The Filipino government has announced it will shut down 175 gambling companies and deport over 40,000 Chinese employees to crack down on illegalities in the online sector. An official from the Ministry of Justice made public the plan earlier this week, stating that the wide-ranging crackdown was brought on by “reports of murder, kidnapping, and other crimes committed by Chinese nationals against fellow Chinese nationals”. The country has been home to offshore gambling companies since 2016, mainly staffed by Chinese nationals living locally.

The sector boom occurred when President Rodrigo Duerte came to power and loosened regulations on immigration. But the sector’s growth also saw the rise of illegal operations outside of the law to the detriment of employees and players. A report from Filipino lawmakers in 2022 found there were concerning links between the local online gambling sector and organised crime within the region. Reuters reported that online gambling delivers over $3.2 billion to the economy every year and that clamping down on illegality would see 1.05 million square metres of office space vacant and more than $151 million in rent lost. Despite this, the government has been forced to act as crimes associated with the industry continue to rise.

In September, Senate Majority Leader Joel Villanueva tabled a bill prohibiting online gambling. “The consequences of gambling and online gambling are too severe to be ignored,” Villanueva wrote in an explanatory note for the bill, which was tabled on September 6. “The cost of gambling is no longer limited to the loss of money, but extends to the loss of values and lives.”

Australian parliament to probe problem gambling.

The Australian House of Representatives Standing Committee on Social Policy and Legal Affairs has recently launched an inquiry into the impact of online gambling on those who may have or do have problems with gambling. As a part of the investigation, the committee will speak to both individuals and organisations with personal experiences relating to the topic. It is designed to provide a fresh look at the online gambling sector to assess whether any existing laws need to be adapted in terms of education, consumer protection, and support programmes.

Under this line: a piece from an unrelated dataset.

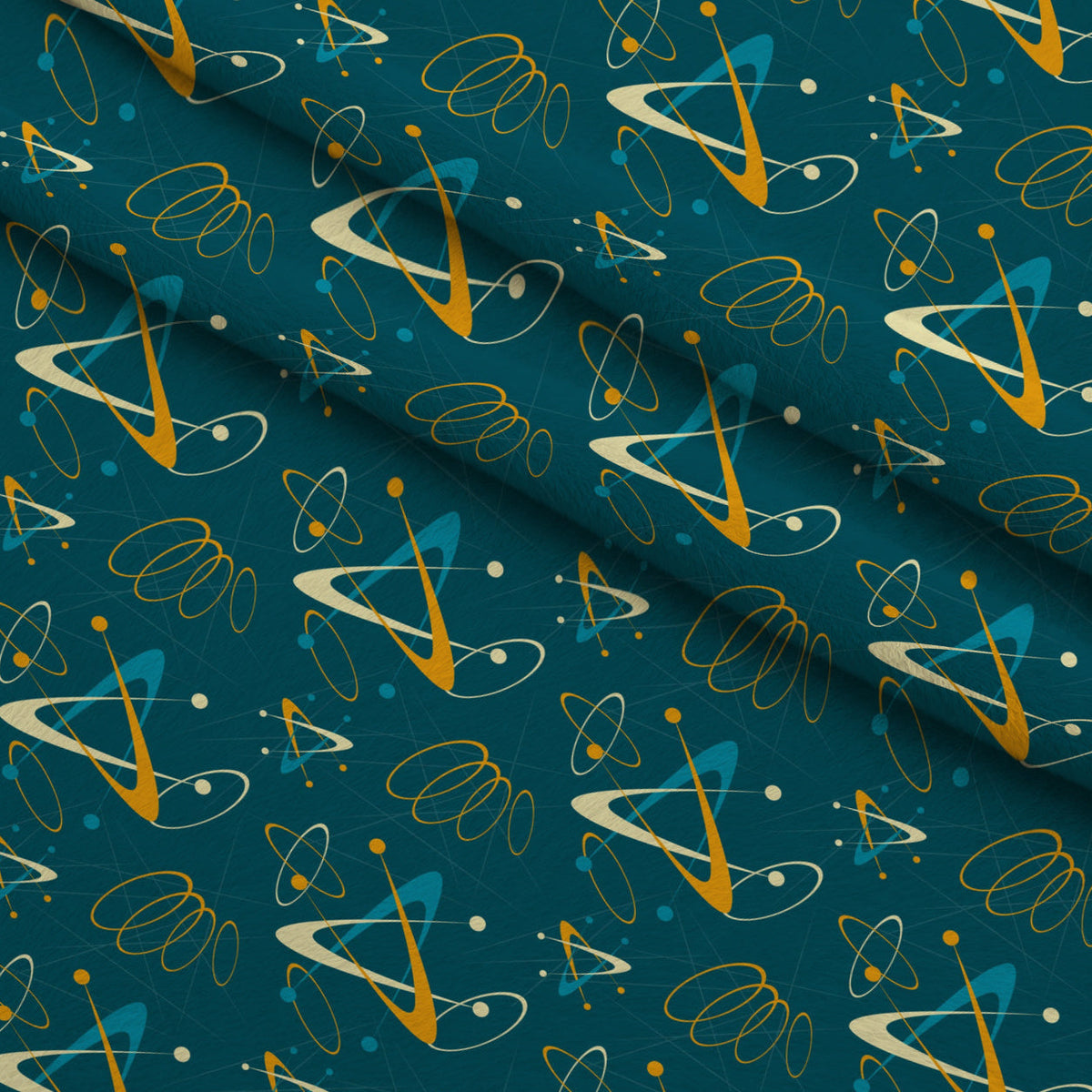 Midcentury Sparkle Pattern 8 Fleece Fabric — fleece fabric folded close-up preview (mv-fleece-v1:lying)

“The Committee is concerned about the increasing reach of online gambling platforms into Australians’ lives, the exposure of children and young people to gambling advertising and how this may contribute to increases in problem gambling in the future”, said Peta Murphy, chair of the committee. It will also look at how to better target support programmes to those that need them, how licensing impacts the situation, and other ways to optimise consumer protection in the online gambling sector.

Also on the table will be the Interactive Gambling Act 2001, which governs the sphere. The question will ask whether it should be amended to include simulated gambling in video games and social casino games, among others. While operators are observing, there is no immediate cause for concern as many agree the sector needs to be updated to reflect the current realities, including technologies, payments, and products.

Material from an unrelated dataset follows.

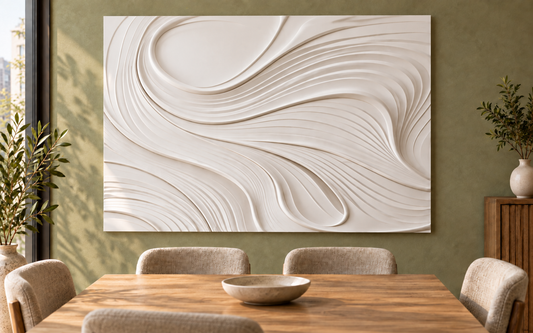 Contour Loop Current Corian wall panel in a styled room — AI-assisted visualisation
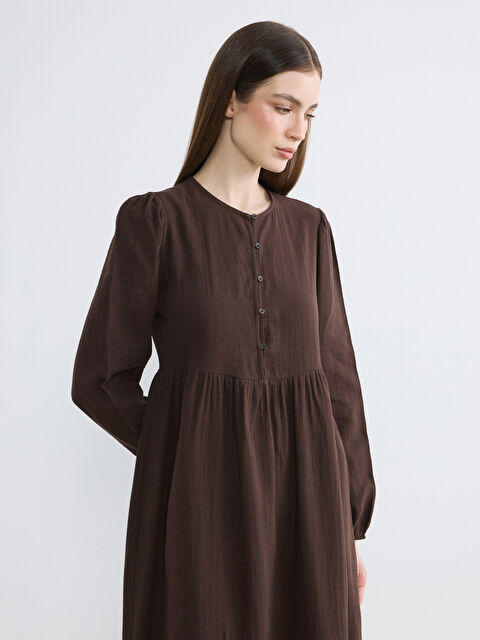 LCW Modest Bisiklet Yaka Büzgülü Müslin Elbise - S6F190Z8-HCJ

Germany mulls watershed policy on gambling advertising.

Burkhard Blienert, the German Federal Government Commissioner for addiction and drug issues, has sounded the alarm over the increase in gambling adverts in the public sphere. “Advertising for online gambling and sports betting is spreading at breakneck speed. This trend is concerning because hundreds of thousands of people already have problem gambling or are even addicted,” he said while putting forward his idea for a watershed policy to clamp down on the issue.

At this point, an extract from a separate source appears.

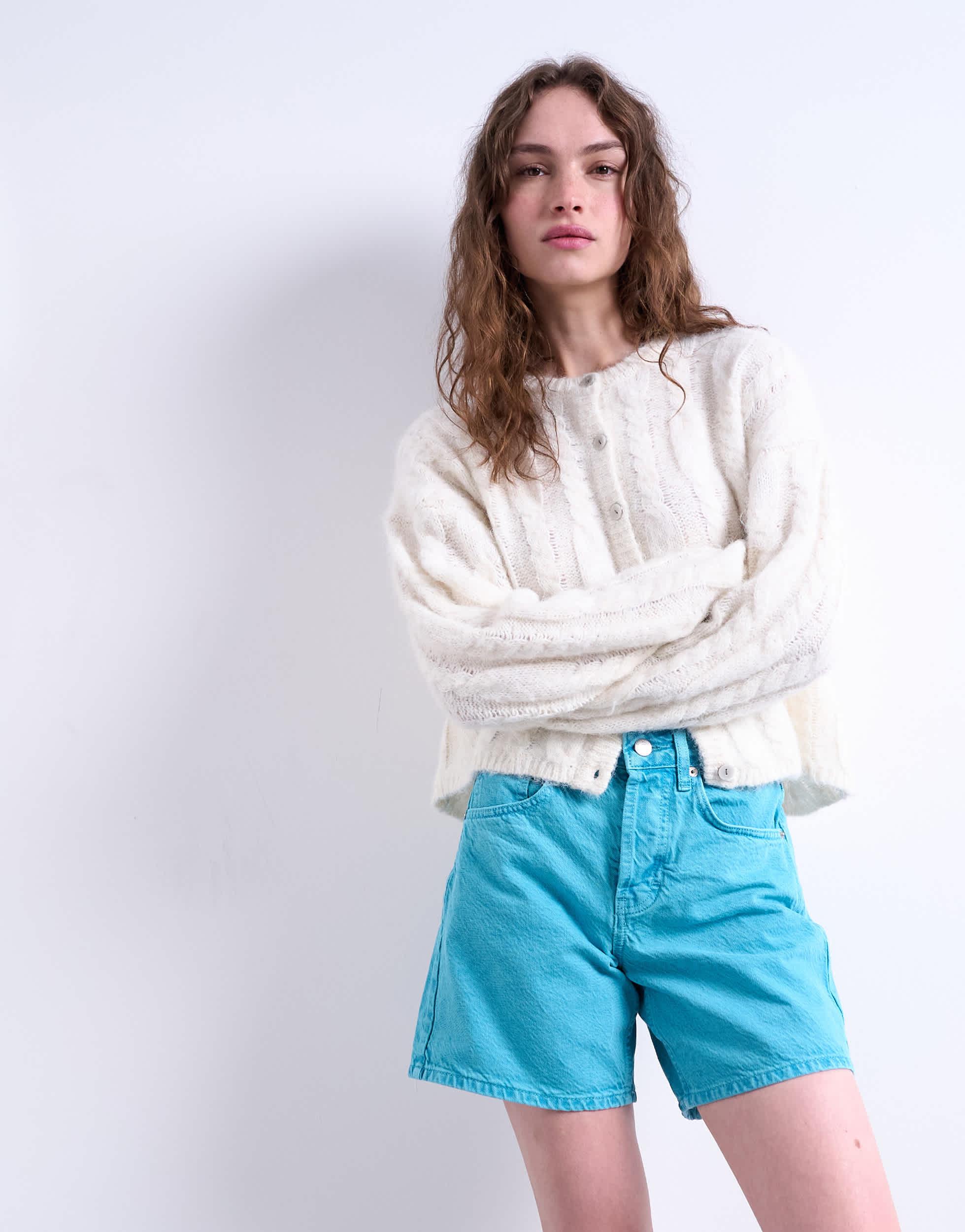 Topshop Short femme en coton bleu coupé à fermeture éclair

“I urge countries to stop advertising such offers. In plain language, there should be no more sports betting advertising before 9 pm on the TV or the internet,” he added in a statement. According to data from BZgA, there are more than 229,000 compulsive and 200,000 problem gamblers in Germany. There have previously been calls to ban all advertising, but so far, they have come to nothing. Operators hope a compromise can be found to allow the advertising of their platforms while ensuring responsible gambling standards are upheld.

EU says no more rules necessary for DLT securities trading.

According to the European Securities and Markets Authority, there is no need to make further changes to market transparency laws for securities traded using distributed ledger technology. However, the EU agency noted that its guidance needs updating for the Web3 world. The EU recently signed off on new laws to facilitate trading stocks and bonds using blockchain technology.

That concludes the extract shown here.